CVE-2024-48990: 
Linux Debian vulnerability analysis and mitigation

Qualys discovered a critical vulnerability in needrestart (CVE-2024-48990) before version 3.8, which allows local attackers to execute arbitrary code as root. The vulnerability exists by tricking needrestart into running the Python interpreter with an attacker-controlled PYTHONPATH environment variable. This vulnerability has existed since the introduction of interpreter support in needrestart 0.8 in April 2014 (Qualys Advisory).

The vulnerability occurs when needrestart processes Python interpreter instances. When determining whether a Python process needs to be restarted, needrestart extracts the PYTHONPATH environment variable from the process's /proc/pid/environ and sets this environment variable before executing Python. If a Python process belongs to a local attacker, needrestart executes Python with the attacker-controlled PYTHONPATH environment variable, enabling arbitrary code execution as root. The vulnerability has been assigned a CVSS v3.1 Base Score of 7.8 HIGH with vector CVSS:3.1/AV:L/AC:L/PR:L/UI:N/S:U/C:H/I:H/A:H (NVD).

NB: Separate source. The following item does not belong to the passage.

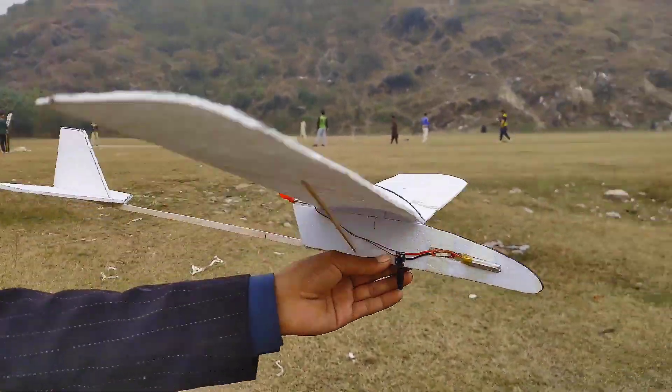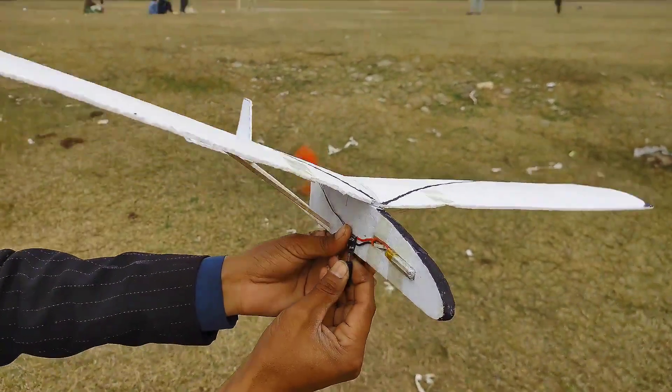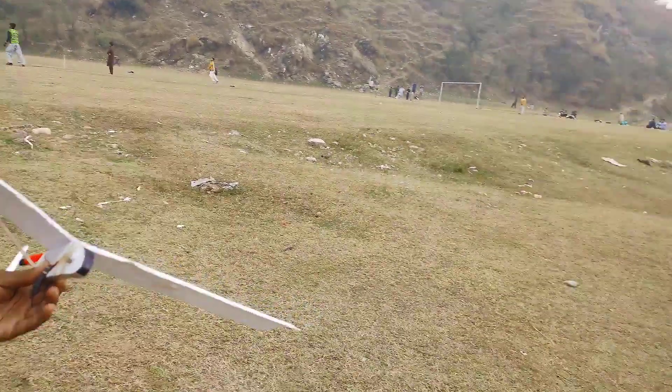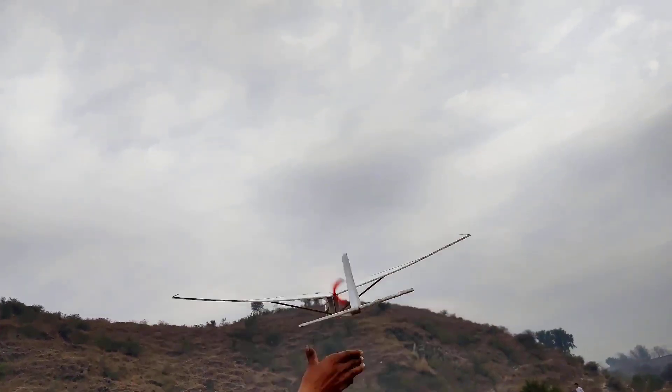Let's take a closer look at how these planes work. First, let's talk about the structure. Free-flight capacitor-powered planes are typically lightweight and made of materials like balsa wood, foam, or plastic. They are designed to be aerodynamically efficient for gliding.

The vulnerability allows local attackers to gain root privileges on affected systems. This is particularly critical for Ubuntu Server installations since version 21.04, where needrestart is installed by default. The impact is heightened because the vulnerability can be exploited without user interaction through unattended-upgrades (Ubuntu Blog).

The primary mitigation is to update to needrestart version 3.8 or later. If immediate updating is not possible, a temporary workaround is to disable the interpreter scanners by adding '$nrconf{interpscan} = 0;' to /etc/needrestart/needrestart.conf. However, this should only be applied as a last resort and the configuration should be restored once updates are applied (Ubuntu Blog).